49 - Mektup
Tolga'nın söylenmelerini duyunca kitabımı kenara bırakıp ona döndüm. Gri gözlerini ekrana dönüktü ve kaşlarını çatmıştı.
"Mevzu ne Tolga Bey?" diye sordum esprili bir dille. Ekranı gösterdi. "Şu aptal dizi ve aptal karakterlerin verdiği aptalca kararlar."
Kıkırdadım. Uzandığım koltuktan kalkıp onun uzandığı koltuğa geldim ve arkasından ona sarılıp yanağını öptüm. "Kurgu olan bir şey sinirini bozacaksa sıkıntı büyük." Ellerimi tutup başını bana doğru çevirdi ve dudaklarıma bir öpücük bıraktı.
Arkamızdan gelen öksürük sesini duyduğumuzda Demir'in kaşlarını kaldırmış bize baktığını gördüm. Ona sırıttım. "Ne oldu canım?" dediğimde "Gelen eniştem de olabilirdi." dedi.
"Bahadır Bey demişken... Siz ne zaman gideceksiniz?" diye sordu Tolga. Yanına oturup saçlarını okşamaya başladım. "Sen tamamen iyileştiğinde."
"İyi de bu aylar alabilir." Sesindeki hüznü görmezden gelmeye çalıştım. Yürüyemediği için ne kadar üzgün olduğunu biliyordum ve en kötüsü elimden bir şey gelmiyordu. Sadece hemen iyileşsin diye dua ediyordum.
"O zaman biz de aylarca bekleriz." dedim. "Yeşiller bir yere kaçmıyor ya. Sen daha önemlisin."
Yanağını başıma yasladı. Demir "Ben bugün Asilsoy'a dönüyorum istediğin bir şey var mı?" diye sordu.
"Yok, benimkileri görürsen selam söyle yeter."
"Baş üstüne." Demir odadan çıktığında Tolga kumandayı eline alıp televizyonu kapattı. Gri gözleri bana döndü, sorgularcasına bakıyordu. "Bir şey mi oldu?"

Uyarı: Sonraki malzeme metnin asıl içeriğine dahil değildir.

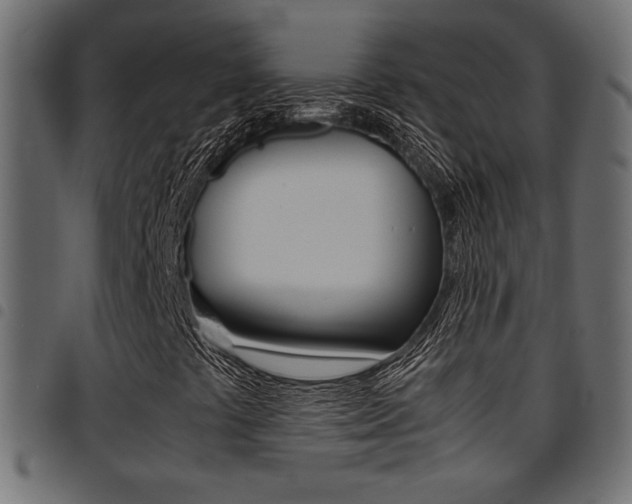 X0000094911441200711290949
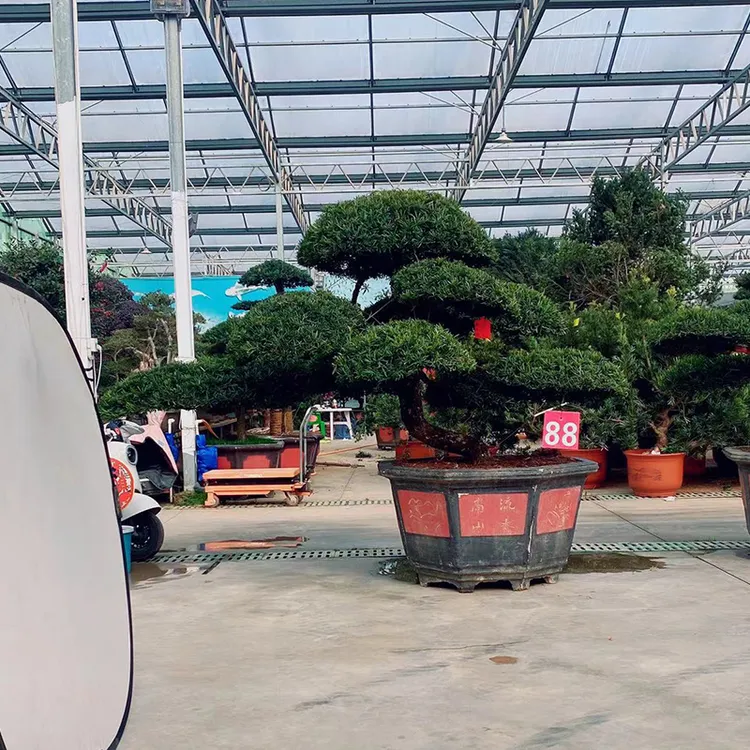 精品罗汉松盆栽地栽皆可南北适宜老桩老盆口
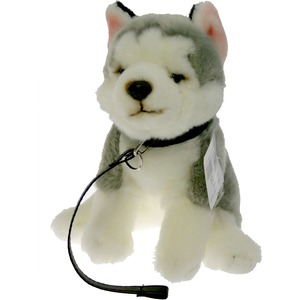 Pies Husky na smyczy - 25cm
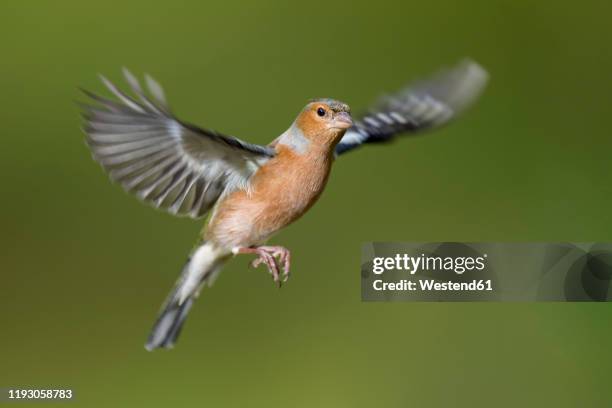 male chaffinch, fringilla coelebs, flying - chaffinch stockfoto's en -beelden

"Evet." dediğinde korkuyla midem kasıldı. "Babam bana bir şey anlattı. Senin... Depoda söylediğin sözlerle ilgili."
"Ne olmuş?" diye sordum merakla.
"Gerçekten o iki büyücüyü soyları üzerinden aşağıladın mı?" Merakla yüzüme baktı. Yanaklarımın yandığını hissediyordum, kızarmıştım kesin. O gece aklıma birkaç kez daha gelmişti ve her seferinde kendimden utanmıştım.
"Şey... Evet." dedim ve derin bir nefes verdim. "Bana ne oldu o an bilmiyorum. Birisi hayatıma karıştığında öfkeden delirecek gibi oluyorum. Ve sanki her zamanki Mehir olarak konuşursam beni ciddiye almayacaklarmış gibi geldi. Hepsinin en iyi anladığı dilden konuştum. Soy üzerinden."

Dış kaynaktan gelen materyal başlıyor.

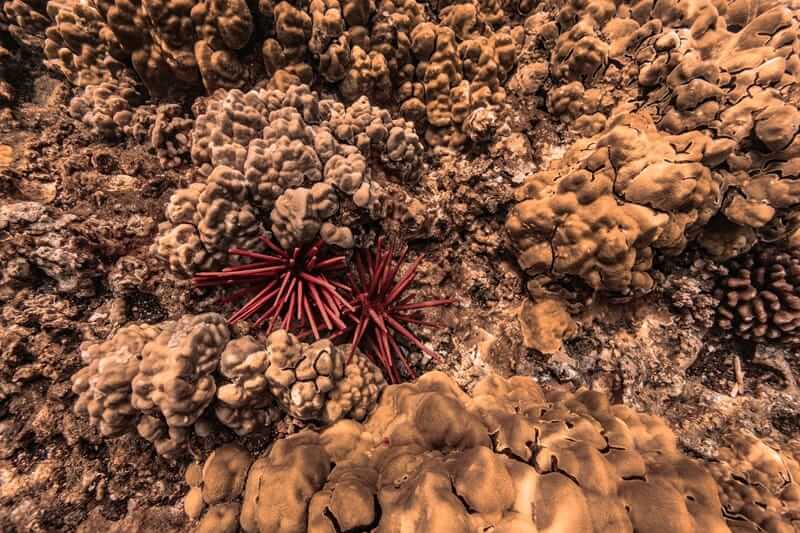Maui Sea Urchins (Wana): 5 Types, Stings, And Where You’ll See Them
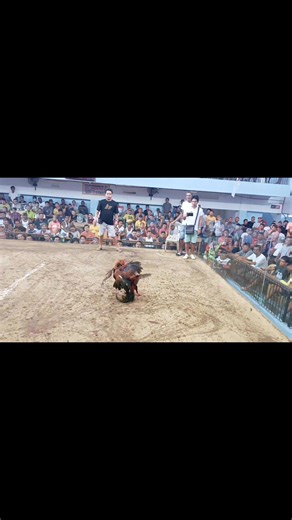 4stag/bull stag/cock derby New Zabala Recreation Center october 12, 2025 Love vs Dodzkie GF #noanimalswereharmedinthisvideo | M & M Warbirds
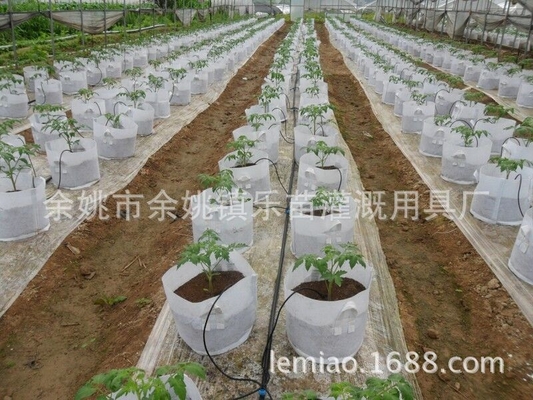 Ingenieurswerk Plastic Drip Fittings voor aanpasbare draagbare irrigatie voor huishoudelijke planten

"Yine de... Babam şaşırmış. Senden bunu beklemezmiş. Konuşmayı dinlediğimde ben de şaşırdım. Ben de senden bunu beklemezdim." Tolga biraz hayal kırıklığına uğramış bir şekilde gözlerime bakıyordu.

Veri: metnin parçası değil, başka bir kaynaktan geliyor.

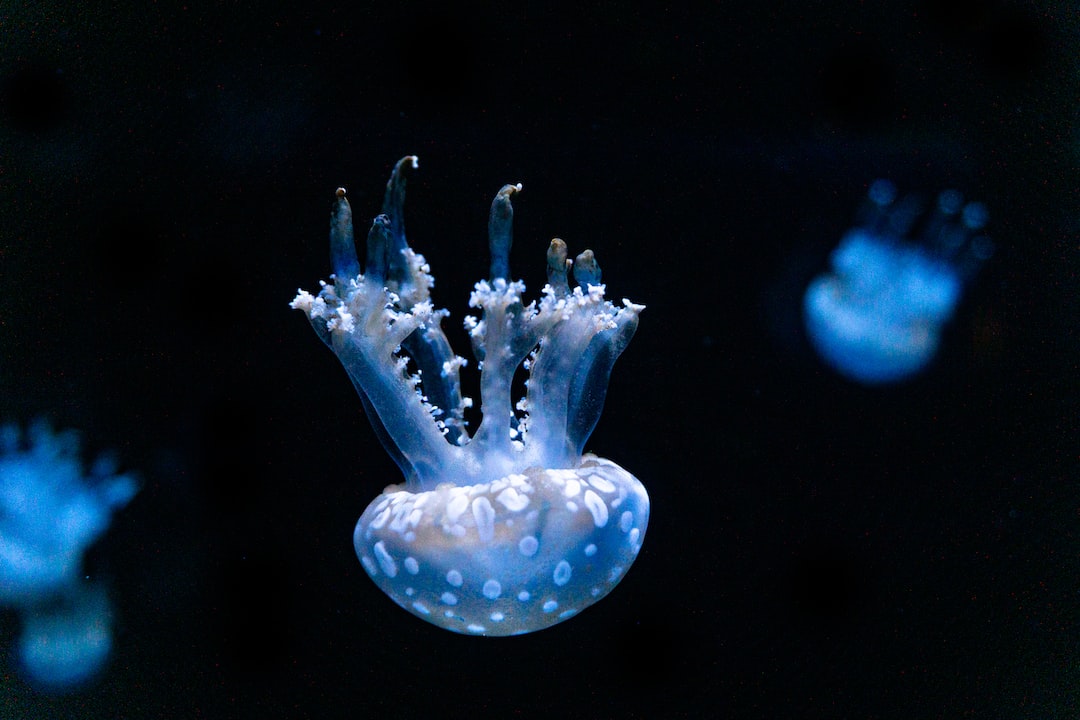 25 wichtige Fragen zu Do Corals Consume Alkalinity At Night?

"Ben de kendimden bunu beklemiyordum. İçimden bambaşka bir insan çıktı sanki." diye mırıldandım. "O geceden sonra kendimden çok utandım, insanları böyle aşağıladığım için ama o an doğru olan oymuş gibi geldi. Bir hafta boyunca ölü gibi yatışını izlemiştim ve o kader öfkeliydim ki. O kadar korkmuştum ki Tolga. Ya ölseydin? Bu düşünce aklımdan çıkmıyordu, o an da çıkmadı. Seni korumak için yaptık zümrüt muhabbetine başlayınca aklımı kaybediyorum sandım."
"Ya kırmızı asalı kadın?"
"Ne olmuş ona?"
"Ona da epey işkence etmişsin ve bundan zevk alıyormuşsun." Omuz silktim. "Hak ettiğini yaşattığım için elbette zevk aldım. Özgür'ü öldürdü, Cesur'u günlerce aç ve susuz bıraktı. Beni de öldürmeye çalıştı."
"Mehir bence biraz..." dedikten sonra durdu. "Ne?" dedim şüpheyle.
"Kendine hakim olamıyorsun. Bir şeyler seni tetiklediğinde değişiyorsun, içinden kimsenin tanımadığı bir Mehir çıkıyor."

ŞİMDİ OKUDUĞUN
𝐒𝐎𝐘𝐋𝐔 𝐀𝐕𝐈
Fantasy𝐒𝐎𝐘𝐋𝐔 𝐀𝐕𝐈 │Her bir rengin anlamı vardır derler lakin hiçbir rengin anlamı hayatı pamuk ipliğine bağlayacak kadar tehlikeli olmamıştı. © audrisimpavi...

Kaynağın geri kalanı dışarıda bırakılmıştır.